What he is getting at is the cavalier way we treat our own bodies by smoking, drinking too much, eating junk food and taking too little exercise. The most obvious consequence of such behaviour has been the explosion in obesity rates: they have quadrupled in the last twenty-five years. Twenty-three per cent of adults in England are now technically obese and it seems certain there will be even more because of the increase in the number of obese children. In the age group from two to fifteen, 16% of boys and 15% of girls are already obese. Obesity is one of the chief causes of high cholesterol, heart disease, joint pain and depression. So there is a clear link between the rising incidence of obesity and our increasing dependence on pills.
The obvious conclusion is that we should start taking far more responsibility for our own health and then we would need to be less dependent on prescription drugs. In one sense the argument is incontrovertible. But in practical terms, is it that simple?
Some would say all the information people need to take care of their health is readily available, so it’s simply a matter of willpower. And some would go further and press the NHS to withhold treatment until patients had shown clear evidence of taking responsibility for their own health. An NHS Trust in Devon has recently decided (albeit for financial reasons rather than as a matter of principle) to withhold surgery from patients who are obese or whose condition is caused by smoking until they have taken steps to wean themselves off the cause of their complaints.

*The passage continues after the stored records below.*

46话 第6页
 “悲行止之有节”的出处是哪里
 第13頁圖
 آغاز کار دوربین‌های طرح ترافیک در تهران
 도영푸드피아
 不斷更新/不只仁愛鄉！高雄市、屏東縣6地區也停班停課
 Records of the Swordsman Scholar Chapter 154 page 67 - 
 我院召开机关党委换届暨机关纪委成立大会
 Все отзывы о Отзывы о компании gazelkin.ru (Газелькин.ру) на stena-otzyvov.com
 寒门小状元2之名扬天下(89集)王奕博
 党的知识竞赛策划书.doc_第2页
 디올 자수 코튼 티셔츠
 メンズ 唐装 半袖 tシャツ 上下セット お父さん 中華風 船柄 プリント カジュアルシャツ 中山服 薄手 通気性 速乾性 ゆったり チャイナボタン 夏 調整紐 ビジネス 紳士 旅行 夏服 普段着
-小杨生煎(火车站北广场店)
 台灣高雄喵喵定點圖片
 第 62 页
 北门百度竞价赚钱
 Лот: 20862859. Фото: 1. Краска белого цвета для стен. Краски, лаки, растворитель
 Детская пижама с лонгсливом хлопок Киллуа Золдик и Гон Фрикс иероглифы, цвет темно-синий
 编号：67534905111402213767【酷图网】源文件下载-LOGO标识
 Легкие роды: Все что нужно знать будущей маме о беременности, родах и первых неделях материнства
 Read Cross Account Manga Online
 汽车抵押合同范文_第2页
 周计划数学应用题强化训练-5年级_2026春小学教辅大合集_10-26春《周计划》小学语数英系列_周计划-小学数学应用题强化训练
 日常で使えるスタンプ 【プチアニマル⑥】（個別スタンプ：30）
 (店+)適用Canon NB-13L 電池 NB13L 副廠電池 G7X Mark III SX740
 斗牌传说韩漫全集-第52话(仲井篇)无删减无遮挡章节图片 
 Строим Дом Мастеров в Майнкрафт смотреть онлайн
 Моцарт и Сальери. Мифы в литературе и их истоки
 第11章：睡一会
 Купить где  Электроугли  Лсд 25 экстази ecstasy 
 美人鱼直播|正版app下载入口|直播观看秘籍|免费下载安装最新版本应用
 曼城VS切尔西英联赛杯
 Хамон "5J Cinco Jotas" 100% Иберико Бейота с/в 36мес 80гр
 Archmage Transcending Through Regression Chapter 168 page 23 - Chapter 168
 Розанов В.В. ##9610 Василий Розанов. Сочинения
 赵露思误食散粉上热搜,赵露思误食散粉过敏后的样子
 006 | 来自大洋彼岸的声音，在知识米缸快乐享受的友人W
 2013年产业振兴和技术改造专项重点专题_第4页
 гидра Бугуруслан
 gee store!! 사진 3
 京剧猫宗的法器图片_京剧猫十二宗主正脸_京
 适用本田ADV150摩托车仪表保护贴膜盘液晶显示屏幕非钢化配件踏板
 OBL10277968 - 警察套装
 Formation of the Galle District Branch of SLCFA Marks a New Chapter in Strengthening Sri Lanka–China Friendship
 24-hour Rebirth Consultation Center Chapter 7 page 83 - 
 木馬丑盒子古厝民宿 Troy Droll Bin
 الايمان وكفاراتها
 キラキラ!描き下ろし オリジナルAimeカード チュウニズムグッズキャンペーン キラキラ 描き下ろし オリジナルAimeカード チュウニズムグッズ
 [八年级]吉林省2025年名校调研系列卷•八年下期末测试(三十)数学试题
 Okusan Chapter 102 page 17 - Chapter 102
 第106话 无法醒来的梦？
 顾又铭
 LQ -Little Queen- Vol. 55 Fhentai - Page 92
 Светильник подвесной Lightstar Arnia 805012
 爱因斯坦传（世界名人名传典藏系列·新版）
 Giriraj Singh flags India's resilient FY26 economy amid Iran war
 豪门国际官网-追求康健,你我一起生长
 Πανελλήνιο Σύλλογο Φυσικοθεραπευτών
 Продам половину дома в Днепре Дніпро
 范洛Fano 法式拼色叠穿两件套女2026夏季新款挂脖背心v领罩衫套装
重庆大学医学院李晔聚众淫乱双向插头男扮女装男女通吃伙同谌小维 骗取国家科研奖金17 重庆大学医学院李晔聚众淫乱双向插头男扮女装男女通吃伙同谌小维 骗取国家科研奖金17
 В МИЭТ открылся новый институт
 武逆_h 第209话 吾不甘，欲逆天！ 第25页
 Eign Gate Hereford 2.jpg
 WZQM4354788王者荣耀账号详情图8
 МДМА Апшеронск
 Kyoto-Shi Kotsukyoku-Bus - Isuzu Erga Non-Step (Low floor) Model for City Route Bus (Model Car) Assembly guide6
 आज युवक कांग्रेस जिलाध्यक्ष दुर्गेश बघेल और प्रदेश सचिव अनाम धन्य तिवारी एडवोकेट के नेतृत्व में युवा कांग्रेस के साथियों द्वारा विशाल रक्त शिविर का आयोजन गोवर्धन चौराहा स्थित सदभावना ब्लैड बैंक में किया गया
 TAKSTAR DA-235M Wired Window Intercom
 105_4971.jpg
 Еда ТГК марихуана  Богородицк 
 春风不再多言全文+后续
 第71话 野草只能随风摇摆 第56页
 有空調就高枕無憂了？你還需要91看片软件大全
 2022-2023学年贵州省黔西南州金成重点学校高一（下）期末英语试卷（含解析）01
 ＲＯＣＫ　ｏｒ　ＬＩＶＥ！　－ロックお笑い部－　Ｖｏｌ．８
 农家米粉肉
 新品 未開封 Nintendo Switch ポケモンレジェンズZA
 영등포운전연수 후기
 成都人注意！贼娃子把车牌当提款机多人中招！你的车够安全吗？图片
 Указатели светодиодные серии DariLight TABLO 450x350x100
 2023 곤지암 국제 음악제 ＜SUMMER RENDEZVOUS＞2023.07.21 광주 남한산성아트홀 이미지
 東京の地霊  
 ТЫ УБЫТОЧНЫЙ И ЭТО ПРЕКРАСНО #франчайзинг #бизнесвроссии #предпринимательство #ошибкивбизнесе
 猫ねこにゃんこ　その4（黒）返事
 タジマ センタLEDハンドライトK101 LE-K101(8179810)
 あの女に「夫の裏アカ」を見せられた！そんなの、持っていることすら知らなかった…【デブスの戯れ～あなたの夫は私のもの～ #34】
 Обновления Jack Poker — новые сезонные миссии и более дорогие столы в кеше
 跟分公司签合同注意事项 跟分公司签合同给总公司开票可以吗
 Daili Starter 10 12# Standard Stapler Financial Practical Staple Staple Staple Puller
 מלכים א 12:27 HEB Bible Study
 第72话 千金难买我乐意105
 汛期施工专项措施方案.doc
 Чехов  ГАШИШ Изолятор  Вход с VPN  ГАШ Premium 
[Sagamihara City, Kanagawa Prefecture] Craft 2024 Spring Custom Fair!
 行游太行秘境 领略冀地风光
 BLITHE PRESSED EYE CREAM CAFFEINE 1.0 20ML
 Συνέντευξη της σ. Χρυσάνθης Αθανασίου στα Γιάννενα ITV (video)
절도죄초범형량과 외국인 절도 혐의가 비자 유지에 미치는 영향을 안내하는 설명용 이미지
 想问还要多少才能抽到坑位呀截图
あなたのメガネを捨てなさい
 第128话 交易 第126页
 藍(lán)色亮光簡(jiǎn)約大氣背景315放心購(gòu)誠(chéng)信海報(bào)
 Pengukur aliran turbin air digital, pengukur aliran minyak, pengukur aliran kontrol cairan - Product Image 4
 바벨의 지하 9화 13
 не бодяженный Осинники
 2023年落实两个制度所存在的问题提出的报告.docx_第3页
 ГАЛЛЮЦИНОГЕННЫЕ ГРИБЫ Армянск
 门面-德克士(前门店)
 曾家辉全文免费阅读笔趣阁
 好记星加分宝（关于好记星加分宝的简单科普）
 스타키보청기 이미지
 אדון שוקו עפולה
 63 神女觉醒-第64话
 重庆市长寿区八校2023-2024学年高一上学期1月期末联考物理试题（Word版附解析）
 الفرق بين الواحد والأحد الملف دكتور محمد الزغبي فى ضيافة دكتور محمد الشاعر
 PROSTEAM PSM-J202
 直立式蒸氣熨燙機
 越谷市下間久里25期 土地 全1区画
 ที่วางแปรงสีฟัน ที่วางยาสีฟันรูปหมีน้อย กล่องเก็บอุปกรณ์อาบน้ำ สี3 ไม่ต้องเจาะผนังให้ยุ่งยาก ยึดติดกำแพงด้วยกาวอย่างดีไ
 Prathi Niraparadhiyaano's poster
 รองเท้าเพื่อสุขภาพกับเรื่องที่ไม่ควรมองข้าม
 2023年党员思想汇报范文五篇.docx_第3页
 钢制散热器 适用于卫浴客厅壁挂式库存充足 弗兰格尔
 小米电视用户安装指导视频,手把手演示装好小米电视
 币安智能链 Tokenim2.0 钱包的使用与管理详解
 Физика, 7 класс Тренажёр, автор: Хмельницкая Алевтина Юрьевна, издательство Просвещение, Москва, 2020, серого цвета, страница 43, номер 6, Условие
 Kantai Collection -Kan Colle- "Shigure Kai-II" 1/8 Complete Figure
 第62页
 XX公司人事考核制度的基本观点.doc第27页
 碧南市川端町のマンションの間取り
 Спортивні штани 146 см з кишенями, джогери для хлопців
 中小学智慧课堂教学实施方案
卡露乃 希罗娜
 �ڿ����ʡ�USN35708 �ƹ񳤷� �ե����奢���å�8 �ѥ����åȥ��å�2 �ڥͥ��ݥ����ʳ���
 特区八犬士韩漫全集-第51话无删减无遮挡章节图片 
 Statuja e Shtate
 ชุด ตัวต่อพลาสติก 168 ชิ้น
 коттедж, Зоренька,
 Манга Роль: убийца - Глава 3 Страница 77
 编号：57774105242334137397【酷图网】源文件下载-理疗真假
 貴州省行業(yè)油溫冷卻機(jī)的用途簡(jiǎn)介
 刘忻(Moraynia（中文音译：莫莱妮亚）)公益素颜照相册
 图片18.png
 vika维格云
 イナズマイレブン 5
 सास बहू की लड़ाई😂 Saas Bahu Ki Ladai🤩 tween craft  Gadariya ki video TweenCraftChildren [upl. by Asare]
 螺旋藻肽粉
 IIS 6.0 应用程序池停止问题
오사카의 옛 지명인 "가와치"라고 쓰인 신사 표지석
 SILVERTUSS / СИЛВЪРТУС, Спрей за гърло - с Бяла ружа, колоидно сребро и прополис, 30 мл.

Others argue that we are not all equally cap[able of exercising willpower. It is a striking fact that children from families in the poorest fifth of income distribution are three times more likely to be obese than children from families in the richest fifth. In short, such children are far more likely to be pumped full of the junk food that sets them off into a life of obesity.
On this argument, personal willpower, though not unimportant, is far from being the obvious solution to the problem. Instead, governments need to act. They need to take on the providers of junk food, cheap alcohol and tobacco much more aggressively than they have been willing to do in order to make this toxic diet less available. They also need to act to arrest the growing income inequality that pushes poorer people into the arms of those who sell them cheap rubbish that makes them ill.
What’s your view? Do you think it matters that we are swallowing so many more prescription drugs than we used to do? And if so, what do you think we should do about it?